元東京オリンピック担当大臣の橋本聖子氏は昨年12月、汚職疑惑への捜査に積極的に協力する意向を示す一方、札幌の招致活動は「非常に厳しいと思う」と述べている。現状では地元・札幌や北海道の住民の理解を得られないとする認識を示した。

これに慌てたのがIOCだ。通例冬季五輪の開催都市が正式決定する7年前を控え、昨年12月には1都市に絞り込む目算だった。ところが札幌のみならず、ほかの候補都市が次々と脱落し、有力なホスト候補がない異例の事態となったのだ。スポーツ関連のニュースサイトを主催し、オリンピック招致プロセスにも詳しいカナダのロバート・リビングストン氏は、CBCに対し、開催地選定の延期は「率直に言って前例がない」と指摘する。

ワシントン・ポスト紙によるとバンクーバーの辞退を受け、札幌と並んでソルトレイクシティが有力候補とされてきた。しかし、同じアメリカのロサンゼルスにおいて、2028年夏季大会の開催が決定している。
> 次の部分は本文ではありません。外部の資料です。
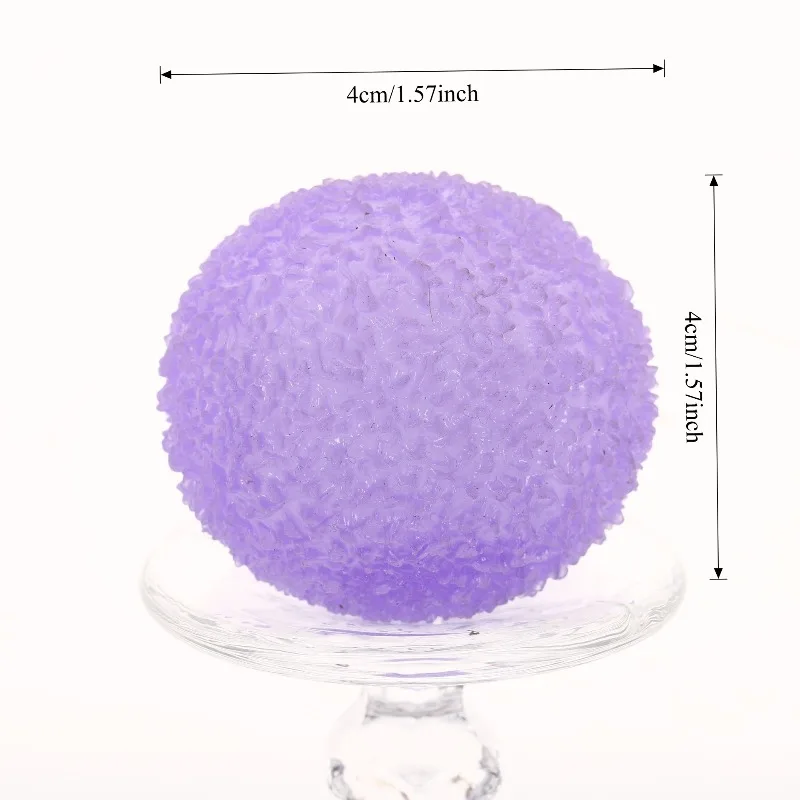 アイスボール麦芽糖スクイーズおもちゃ ブルーモチ感覚玩具 フィジェットおもちゃ シミュレートされた透明な抗ストレスおもちゃ スローリバウンド減圧おもちゃ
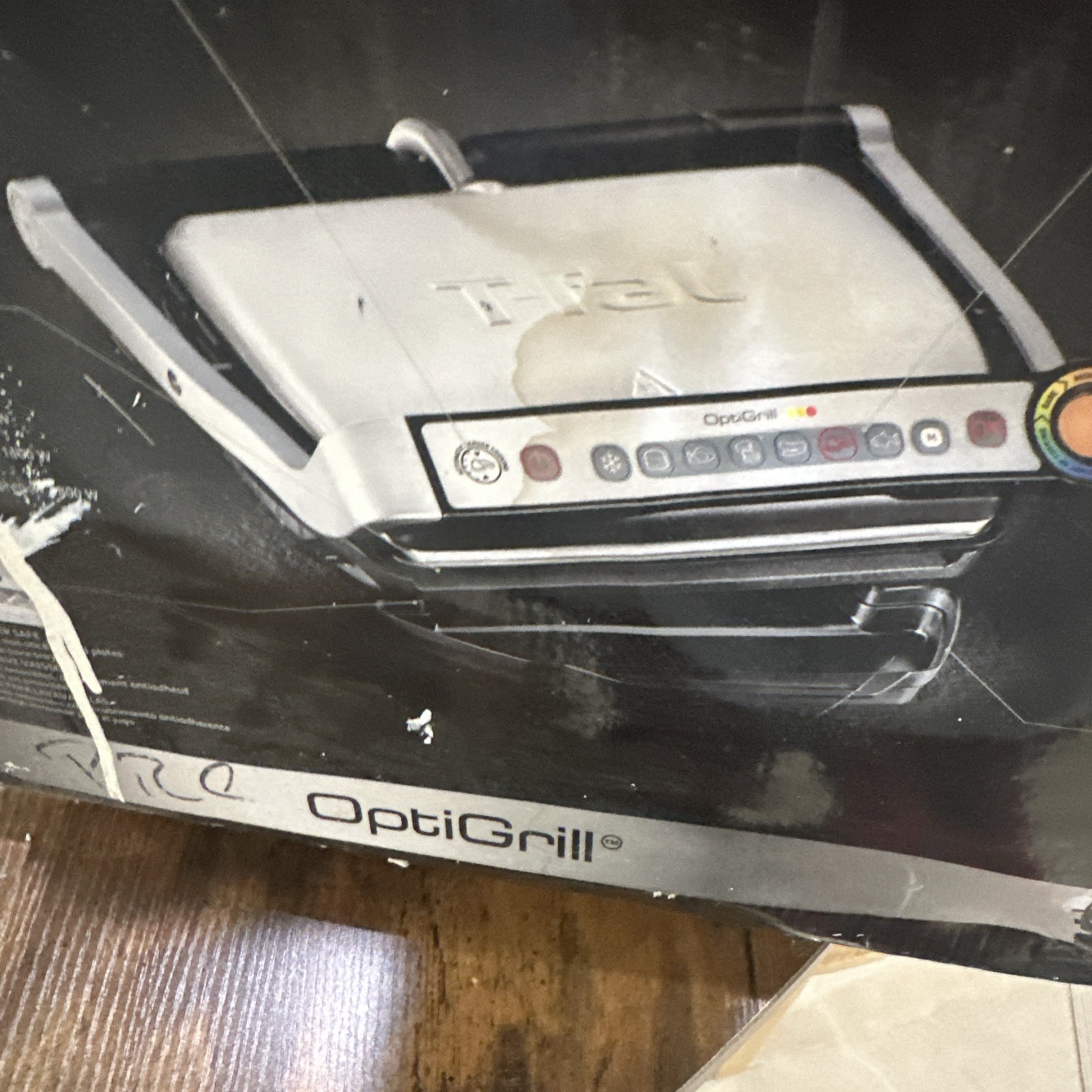 NEW T-Fal OptiGrill Indoor Electric Grill with Removable Dishwasher Safe Plates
2年と経たぬうちにソルトレイクシティで別の大会を開催することについては、アメリカ国内でも消極的な意見が相次いでいた。

IOCは日本人が汚職事件を忘れるのを待っている

IOCは開催都市決定の延期理由を、気候変動による影響などによるものだと説明している。だが、札幌の世論が沈静化するまでの単なる時間稼ぎではないかとの指摘がある。

カナダ・パシフィック大学のジュールズ・ボイコフ教授(政治学)はCBCに対し、気候変動はIOCにとって「二の次、三の次」であり、贈収賄スキャンダルを受けた「時間稼ぎの類い」だと述べている。ボイコフ教授は、(東京大会の汚職をめぐる)刑事裁判の進行とともに有罪が確定してゆく可能性があり、こうなればIOCはオリンピックの組織的な問題ではなく、個人的な問題にすり替えやすくなると指摘する。